In message <5eo454F38t61hU1@mid.individual.net>, Andy Pandy 
 writes
>
>"Norman Wells"  wrote in message
>news:LkYoqt2Z$rhGFw5A@myard.demon.co.uk...
>> >> That's a worse than
>> >> random result.  Why, if they have expertise?
>> >
>> >What?? Worse than random?
>>
>> In 2005, yes.  Random selection of shares that are included in the
>index
>> should give a result approximating to the index.  How can you end up
>> with a performance that is below random if the fund managers have
>> particular expertise in selecting shares, even if it is for only one
>> year?
>
>You really are getting desperate now. So if a football team won the
>league 14 years out of 15 you'd be asking "why, if they have
>expertise, did they fail to win that one year?"

No.  You really haven't got to grips with this analogy, have you?  It's 
not about failing to win the league that one year, it's about how they 
failed in that year to beat even random selection, ie finishing below 
half way in a league of teams that I have selected from the electoral 
roll using a pin.
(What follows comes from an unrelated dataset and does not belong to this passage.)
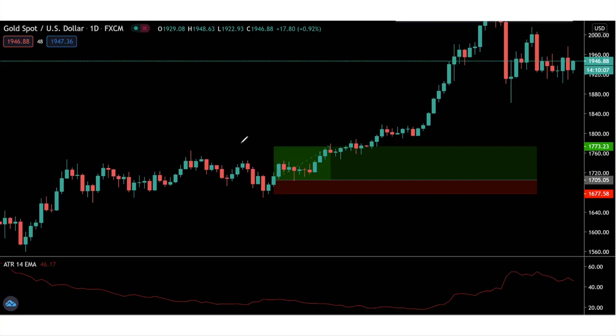You enter a trade and got out somewhere here, thinking you're a genius because you had a nice trade. Except that the market keeps going up and up and you miss out on all this profit. Now if this is you, this is a very common problem — it even happens to us.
That's really quite serious, I would have thought, and 
worth questioning.

In that year their fund would not have beaten me with my pin, nor a five 
year old with a pin.  How good is that?  And how do you explain it, 
given all the expertise they claim to possess?
>
>> I can envisage a scenario in which a number of obvious basket case
>> economies are included in the index, but no shares from those
>countries
>> are actually included in the fund.  That would of course give an
>> artificially low value for the index, and a correspondingly inflated
>> overperformance when the fund is compared with it.
>
>Whereas an index tracker, which you seem so fond of, wouldn't avoid
>the basket cases....

No it wouldn't, but I've already said that any indexes that cover more 
than one country are highly suspect.  It would be like investing in 'the 
world economy', something which no-one does.  So I wouldn't be at all 
fond of any fund that did that.
>
>> > So the manager has about a 15 year track
>record
>> >(at least) of consistent excellent results.
>>
>> No, not consistently.  See 2005 as discussed above, which you need
>to
>> address.
>
>No I don't. I'm absolutely delighted with his performance. You stick
>to index trackers, which will fail to beat the index every single year
>as they have charges too.

They will, but their charges are lower, which means that if non-tracker 
fund managers are investing at random, as I say the evidence supports, 
the tracker will be the better investment on average.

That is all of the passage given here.